MATERIAL TO PROCESS:
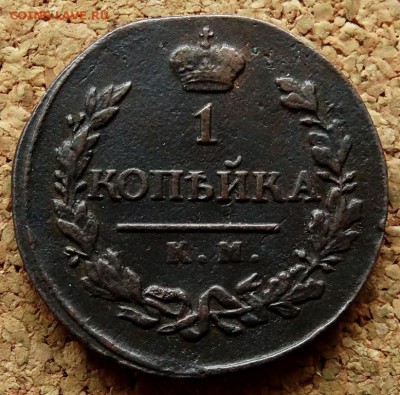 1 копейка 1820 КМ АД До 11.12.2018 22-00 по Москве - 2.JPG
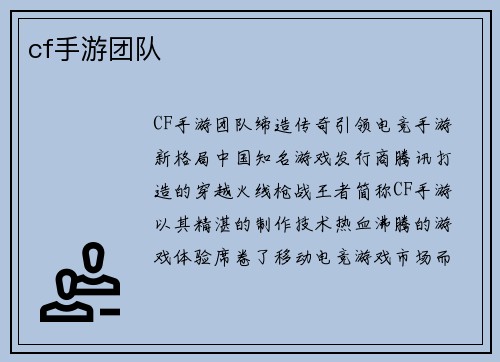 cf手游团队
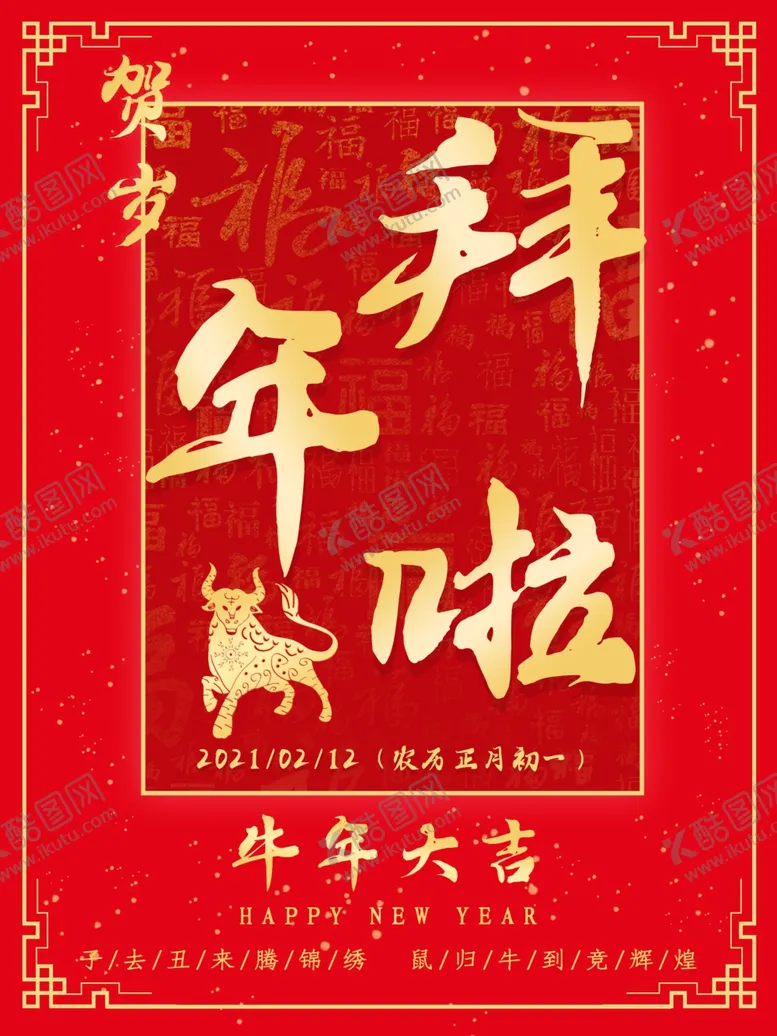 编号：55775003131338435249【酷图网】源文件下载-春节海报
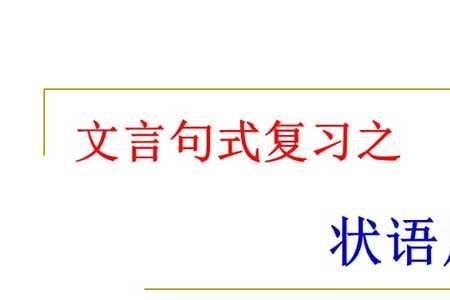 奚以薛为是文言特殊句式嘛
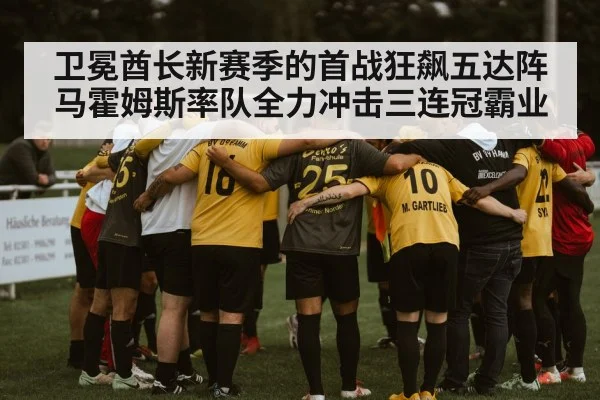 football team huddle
* * *
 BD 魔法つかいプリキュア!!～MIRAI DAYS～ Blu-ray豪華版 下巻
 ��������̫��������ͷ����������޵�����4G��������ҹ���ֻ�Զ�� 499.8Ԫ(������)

WORK ORDER:
Excluding any pictures, print exactly the lines of the listing above from the line with "1 копейка 1820" to the line with "football team huddle", both ends included.

ANSWER:
 1 копейка 1820 КМ АД До 11.12.2018 22-00 по Москве - 2.JPG
 cf手游团队
 编号：55775003131338435249【酷图网】源文件下载-春节海报
 奚以薛为是文言特殊句式嘛
 football team huddle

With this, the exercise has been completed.